Typical causal effects are defined based on the marginal distribution of potential outcomes. However, many real-world applications require causal estimands involving the joint distribution of potential outcomes to enable more nuanced treatment evaluation and selection. In this article, we propose a novel framework for identifying and estimating the joint distribution of potential outcomes using multiple experimental datasets. We introduce the assumption of transportability of state transition probabilities for potential outcomes across datasets and establish the identification of the joint distribution under this assumption, along with a regular full-column rank condition. The key identification assumptions are testable in an overidentified setting and are analogous to those in the context of instrumental variables, with the dataset indicator serving as "instrument". Moreover, we propose an easy-to-use least-squares-based estimator for the joint distribution of potential outcomes in each dataset, proving its consistency and asymptotic normality. We further extend the proposed framework to identify and estimate principal causal effects. We empirically demonstrate the proposed framework by conducting extensive simulations and applying it to evaluate the surrogate endpoint in a real-world application.

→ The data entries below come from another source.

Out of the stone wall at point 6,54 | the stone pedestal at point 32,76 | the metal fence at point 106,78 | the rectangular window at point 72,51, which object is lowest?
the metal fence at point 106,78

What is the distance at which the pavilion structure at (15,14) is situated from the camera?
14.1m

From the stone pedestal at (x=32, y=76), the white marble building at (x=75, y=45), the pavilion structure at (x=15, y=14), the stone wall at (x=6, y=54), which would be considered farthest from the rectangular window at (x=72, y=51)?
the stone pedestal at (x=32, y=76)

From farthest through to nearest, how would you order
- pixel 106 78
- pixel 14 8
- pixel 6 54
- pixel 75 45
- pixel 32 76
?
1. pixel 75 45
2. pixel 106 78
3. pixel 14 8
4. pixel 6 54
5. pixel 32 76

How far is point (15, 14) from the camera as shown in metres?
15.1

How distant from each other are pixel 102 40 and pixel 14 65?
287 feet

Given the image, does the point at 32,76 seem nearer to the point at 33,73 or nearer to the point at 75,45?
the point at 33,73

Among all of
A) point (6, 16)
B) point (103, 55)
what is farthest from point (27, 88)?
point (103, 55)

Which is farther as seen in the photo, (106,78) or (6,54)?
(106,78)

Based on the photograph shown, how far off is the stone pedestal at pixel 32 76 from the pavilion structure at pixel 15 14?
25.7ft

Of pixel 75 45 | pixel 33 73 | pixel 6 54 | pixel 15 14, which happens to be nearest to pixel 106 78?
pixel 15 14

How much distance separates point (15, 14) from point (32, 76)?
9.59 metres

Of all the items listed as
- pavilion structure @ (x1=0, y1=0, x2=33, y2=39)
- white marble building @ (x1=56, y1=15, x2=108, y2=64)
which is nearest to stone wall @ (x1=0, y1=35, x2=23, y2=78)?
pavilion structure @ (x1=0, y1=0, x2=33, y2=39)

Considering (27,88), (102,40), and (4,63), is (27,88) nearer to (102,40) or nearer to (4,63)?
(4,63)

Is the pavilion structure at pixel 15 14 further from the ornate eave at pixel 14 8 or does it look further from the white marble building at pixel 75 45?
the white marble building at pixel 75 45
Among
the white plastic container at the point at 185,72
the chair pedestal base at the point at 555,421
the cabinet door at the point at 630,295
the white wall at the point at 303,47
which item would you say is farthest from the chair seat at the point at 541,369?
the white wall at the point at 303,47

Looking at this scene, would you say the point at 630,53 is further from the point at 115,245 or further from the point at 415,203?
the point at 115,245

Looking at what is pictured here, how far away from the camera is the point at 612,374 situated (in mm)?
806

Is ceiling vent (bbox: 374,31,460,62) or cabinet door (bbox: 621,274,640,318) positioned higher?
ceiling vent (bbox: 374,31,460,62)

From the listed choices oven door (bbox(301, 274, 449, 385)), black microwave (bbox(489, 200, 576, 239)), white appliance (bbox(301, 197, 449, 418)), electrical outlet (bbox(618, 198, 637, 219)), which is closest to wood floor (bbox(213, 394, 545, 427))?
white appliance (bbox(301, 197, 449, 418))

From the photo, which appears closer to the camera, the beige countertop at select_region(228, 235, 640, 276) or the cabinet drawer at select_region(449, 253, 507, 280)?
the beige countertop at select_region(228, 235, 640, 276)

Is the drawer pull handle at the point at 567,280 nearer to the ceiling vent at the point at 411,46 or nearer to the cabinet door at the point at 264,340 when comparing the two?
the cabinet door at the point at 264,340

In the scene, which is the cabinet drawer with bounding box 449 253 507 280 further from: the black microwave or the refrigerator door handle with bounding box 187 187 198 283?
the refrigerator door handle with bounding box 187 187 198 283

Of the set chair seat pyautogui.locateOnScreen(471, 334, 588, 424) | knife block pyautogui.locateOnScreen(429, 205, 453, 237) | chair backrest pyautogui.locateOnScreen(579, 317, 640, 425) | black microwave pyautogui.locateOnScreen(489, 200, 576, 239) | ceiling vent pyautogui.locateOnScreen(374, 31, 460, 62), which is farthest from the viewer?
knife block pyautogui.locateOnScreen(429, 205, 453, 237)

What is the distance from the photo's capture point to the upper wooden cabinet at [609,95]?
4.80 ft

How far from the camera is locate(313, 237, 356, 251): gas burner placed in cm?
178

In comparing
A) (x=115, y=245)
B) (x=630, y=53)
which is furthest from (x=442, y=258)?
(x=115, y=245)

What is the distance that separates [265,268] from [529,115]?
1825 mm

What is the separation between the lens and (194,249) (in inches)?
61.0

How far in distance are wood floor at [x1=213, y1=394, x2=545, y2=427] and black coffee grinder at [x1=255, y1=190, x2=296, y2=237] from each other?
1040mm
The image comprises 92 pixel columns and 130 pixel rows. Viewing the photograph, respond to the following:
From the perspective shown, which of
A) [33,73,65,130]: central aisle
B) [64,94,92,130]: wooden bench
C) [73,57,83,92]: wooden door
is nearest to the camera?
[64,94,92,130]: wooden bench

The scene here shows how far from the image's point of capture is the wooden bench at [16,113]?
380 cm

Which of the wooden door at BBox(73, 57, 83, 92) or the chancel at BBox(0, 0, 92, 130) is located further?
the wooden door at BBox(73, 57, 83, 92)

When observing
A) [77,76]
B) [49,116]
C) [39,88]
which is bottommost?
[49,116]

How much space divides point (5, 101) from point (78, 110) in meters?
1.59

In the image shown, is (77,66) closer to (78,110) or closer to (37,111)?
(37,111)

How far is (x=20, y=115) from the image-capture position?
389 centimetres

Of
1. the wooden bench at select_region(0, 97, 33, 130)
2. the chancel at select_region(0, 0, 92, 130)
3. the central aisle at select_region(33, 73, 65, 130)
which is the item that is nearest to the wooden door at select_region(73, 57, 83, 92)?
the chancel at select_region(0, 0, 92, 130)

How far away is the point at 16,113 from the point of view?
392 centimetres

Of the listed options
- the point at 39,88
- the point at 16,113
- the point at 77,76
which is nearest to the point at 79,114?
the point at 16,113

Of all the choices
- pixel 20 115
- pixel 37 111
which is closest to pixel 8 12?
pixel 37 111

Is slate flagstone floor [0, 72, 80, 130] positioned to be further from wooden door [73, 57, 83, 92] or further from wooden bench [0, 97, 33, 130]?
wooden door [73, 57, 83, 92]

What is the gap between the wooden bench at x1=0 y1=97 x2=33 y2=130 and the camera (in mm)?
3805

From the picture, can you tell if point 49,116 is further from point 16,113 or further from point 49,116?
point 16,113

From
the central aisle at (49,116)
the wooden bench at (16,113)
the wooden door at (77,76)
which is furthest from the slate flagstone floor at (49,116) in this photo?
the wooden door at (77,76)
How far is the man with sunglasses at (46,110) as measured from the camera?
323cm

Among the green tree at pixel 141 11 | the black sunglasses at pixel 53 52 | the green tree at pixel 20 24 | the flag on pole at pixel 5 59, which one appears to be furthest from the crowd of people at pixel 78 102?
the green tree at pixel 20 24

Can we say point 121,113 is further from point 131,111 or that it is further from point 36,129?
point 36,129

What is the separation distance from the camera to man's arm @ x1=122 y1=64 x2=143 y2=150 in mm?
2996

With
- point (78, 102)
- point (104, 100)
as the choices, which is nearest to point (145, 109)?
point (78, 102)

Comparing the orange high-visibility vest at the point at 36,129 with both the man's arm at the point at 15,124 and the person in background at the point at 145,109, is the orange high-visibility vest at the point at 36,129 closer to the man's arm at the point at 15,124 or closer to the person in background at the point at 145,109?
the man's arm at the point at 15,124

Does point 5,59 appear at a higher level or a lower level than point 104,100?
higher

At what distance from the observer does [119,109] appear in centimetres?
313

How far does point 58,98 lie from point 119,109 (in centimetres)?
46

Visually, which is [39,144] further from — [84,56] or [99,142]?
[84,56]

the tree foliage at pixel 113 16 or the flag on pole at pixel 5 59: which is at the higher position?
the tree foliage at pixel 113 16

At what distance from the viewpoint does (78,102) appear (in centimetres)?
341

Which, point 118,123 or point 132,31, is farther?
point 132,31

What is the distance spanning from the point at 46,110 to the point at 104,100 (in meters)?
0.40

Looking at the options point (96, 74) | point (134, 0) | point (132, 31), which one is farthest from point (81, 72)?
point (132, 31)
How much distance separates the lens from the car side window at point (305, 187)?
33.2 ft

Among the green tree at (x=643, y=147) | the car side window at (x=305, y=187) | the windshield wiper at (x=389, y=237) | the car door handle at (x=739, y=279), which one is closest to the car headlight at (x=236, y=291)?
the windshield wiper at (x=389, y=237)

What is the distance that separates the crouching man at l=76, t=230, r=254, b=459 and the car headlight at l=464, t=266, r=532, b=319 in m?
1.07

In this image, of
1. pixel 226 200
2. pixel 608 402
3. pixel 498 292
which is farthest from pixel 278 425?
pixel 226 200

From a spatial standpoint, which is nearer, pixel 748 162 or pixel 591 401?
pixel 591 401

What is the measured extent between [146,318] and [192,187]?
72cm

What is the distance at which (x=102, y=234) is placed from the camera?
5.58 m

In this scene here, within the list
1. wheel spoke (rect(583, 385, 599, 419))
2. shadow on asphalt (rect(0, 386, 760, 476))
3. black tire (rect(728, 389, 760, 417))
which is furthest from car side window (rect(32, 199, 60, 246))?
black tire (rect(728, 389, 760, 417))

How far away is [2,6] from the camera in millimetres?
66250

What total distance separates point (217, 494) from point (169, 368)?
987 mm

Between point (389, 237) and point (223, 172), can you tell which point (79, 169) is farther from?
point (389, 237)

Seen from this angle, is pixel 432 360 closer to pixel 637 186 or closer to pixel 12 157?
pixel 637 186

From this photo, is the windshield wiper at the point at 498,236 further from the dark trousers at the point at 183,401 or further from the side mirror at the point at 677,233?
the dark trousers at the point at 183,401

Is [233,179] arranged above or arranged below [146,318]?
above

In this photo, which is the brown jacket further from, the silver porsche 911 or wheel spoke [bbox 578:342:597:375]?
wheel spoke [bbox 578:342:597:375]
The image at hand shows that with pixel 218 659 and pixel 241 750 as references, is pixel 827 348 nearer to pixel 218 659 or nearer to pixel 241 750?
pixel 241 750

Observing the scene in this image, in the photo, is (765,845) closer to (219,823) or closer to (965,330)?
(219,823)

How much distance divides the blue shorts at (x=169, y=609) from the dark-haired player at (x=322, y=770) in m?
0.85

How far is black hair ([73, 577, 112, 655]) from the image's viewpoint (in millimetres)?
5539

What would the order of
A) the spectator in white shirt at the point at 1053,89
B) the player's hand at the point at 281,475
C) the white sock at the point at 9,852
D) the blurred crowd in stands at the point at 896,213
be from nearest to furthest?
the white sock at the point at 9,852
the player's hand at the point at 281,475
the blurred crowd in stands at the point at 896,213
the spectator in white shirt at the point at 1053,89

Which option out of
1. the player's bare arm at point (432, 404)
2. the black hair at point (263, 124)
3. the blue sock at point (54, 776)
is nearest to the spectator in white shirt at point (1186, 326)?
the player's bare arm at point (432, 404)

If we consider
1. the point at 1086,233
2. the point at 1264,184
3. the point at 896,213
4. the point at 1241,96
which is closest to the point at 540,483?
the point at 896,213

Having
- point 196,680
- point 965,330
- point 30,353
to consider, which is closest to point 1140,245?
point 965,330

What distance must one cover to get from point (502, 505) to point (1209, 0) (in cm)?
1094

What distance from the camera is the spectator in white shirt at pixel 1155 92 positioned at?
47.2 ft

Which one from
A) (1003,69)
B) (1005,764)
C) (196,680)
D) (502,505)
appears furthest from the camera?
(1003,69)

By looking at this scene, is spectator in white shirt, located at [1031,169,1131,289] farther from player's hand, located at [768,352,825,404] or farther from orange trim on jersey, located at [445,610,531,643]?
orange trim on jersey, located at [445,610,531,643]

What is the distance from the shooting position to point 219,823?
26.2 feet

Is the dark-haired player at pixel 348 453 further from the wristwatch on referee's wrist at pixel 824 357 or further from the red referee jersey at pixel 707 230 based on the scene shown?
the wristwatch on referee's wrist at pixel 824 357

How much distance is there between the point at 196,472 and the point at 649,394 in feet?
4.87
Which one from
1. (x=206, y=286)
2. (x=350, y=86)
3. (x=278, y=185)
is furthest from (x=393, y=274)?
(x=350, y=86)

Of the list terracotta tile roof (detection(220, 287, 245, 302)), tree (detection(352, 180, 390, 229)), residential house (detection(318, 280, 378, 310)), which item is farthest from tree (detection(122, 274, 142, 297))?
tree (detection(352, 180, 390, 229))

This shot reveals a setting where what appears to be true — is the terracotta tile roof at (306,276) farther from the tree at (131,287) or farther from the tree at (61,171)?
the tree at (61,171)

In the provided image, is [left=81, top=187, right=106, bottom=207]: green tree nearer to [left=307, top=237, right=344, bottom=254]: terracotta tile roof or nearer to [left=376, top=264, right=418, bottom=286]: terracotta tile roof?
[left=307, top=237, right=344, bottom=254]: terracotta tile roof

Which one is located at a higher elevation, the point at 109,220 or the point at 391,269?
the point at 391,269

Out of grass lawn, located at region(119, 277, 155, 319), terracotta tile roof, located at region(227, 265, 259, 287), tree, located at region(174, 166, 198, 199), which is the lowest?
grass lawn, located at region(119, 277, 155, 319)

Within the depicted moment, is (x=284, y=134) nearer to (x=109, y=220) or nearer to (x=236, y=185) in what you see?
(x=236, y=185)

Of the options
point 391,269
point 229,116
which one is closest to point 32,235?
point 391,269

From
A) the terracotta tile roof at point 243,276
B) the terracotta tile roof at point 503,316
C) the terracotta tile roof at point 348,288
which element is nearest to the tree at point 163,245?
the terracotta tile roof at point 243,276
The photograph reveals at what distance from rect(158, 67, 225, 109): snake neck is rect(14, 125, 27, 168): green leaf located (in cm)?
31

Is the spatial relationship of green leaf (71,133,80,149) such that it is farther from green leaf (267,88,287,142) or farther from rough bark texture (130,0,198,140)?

翻译：典型因果效应通常基于潜在结果的边际分布定义。然而，许多实际应用需要涉及潜在结果联合分布的因果估计量，以实现更精细的处理评估与选择。本文提出一个新颖框架，利用多组实验数据识别并估计潜在结果的联合分布。我们引入跨数据集潜在结果状态转移概率的可迁移性假设，并在此假设及正则满秩条件下建立联合分布的可识别性。关键识别假设在过度识别设定下可检验，且与工具变量情境的假设类似，其中数据集标识符充当“工具”。此外，我们为每个数据集的潜在结果联合分布提出易于使用的基于最小二乘的估计量，证明其一致性与渐近正态性。进一步将所提框架扩展至主要因果效应的识别与估计。通过大规模模拟实验及真实应用中替代终点的评估，实证验证了所提框架的有效性。